- [What you should do]: Give the entries again, precisely as they were written.
- - -
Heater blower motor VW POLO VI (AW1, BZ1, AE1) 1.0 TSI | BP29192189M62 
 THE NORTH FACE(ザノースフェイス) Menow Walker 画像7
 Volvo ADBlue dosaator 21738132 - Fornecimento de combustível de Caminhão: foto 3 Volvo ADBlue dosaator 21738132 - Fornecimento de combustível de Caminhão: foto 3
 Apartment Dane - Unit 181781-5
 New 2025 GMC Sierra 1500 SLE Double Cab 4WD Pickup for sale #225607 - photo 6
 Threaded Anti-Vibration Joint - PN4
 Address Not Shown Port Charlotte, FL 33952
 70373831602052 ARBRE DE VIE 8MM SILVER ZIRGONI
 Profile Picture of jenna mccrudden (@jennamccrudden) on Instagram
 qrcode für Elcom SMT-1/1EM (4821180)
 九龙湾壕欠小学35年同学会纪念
- - -
- [Your response]:
Heater blower motor VW POLO VI (AW1, BZ1, AE1) 1.0 TSI | BP29192189M62 
 THE NORTH FACE(ザノースフェイス) Menow Walker 画像7
 Volvo ADBlue dosaator 21738132 - Fornecimento de combustível de Caminhão: foto 3 Volvo ADBlue dosaator 21738132 - Fornecimento de combustível de Caminhão: foto 3
 Apartment Dane - Unit 181781-5
 New 2025 GMC Sierra 1500 SLE Double Cab 4WD Pickup for sale #225607 - photo 6
 Threaded Anti-Vibration Joint - PN4
 Address Not Shown Port Charlotte, FL 33952
 70373831602052 ARBRE DE VIE 8MM SILVER ZIRGONI
 Profile Picture of jenna mccrudden (@jennamccrudden) on Instagram
 qrcode für Elcom SMT-1/1EM (4821180)
 九龙湾壕欠小学35年同学会纪念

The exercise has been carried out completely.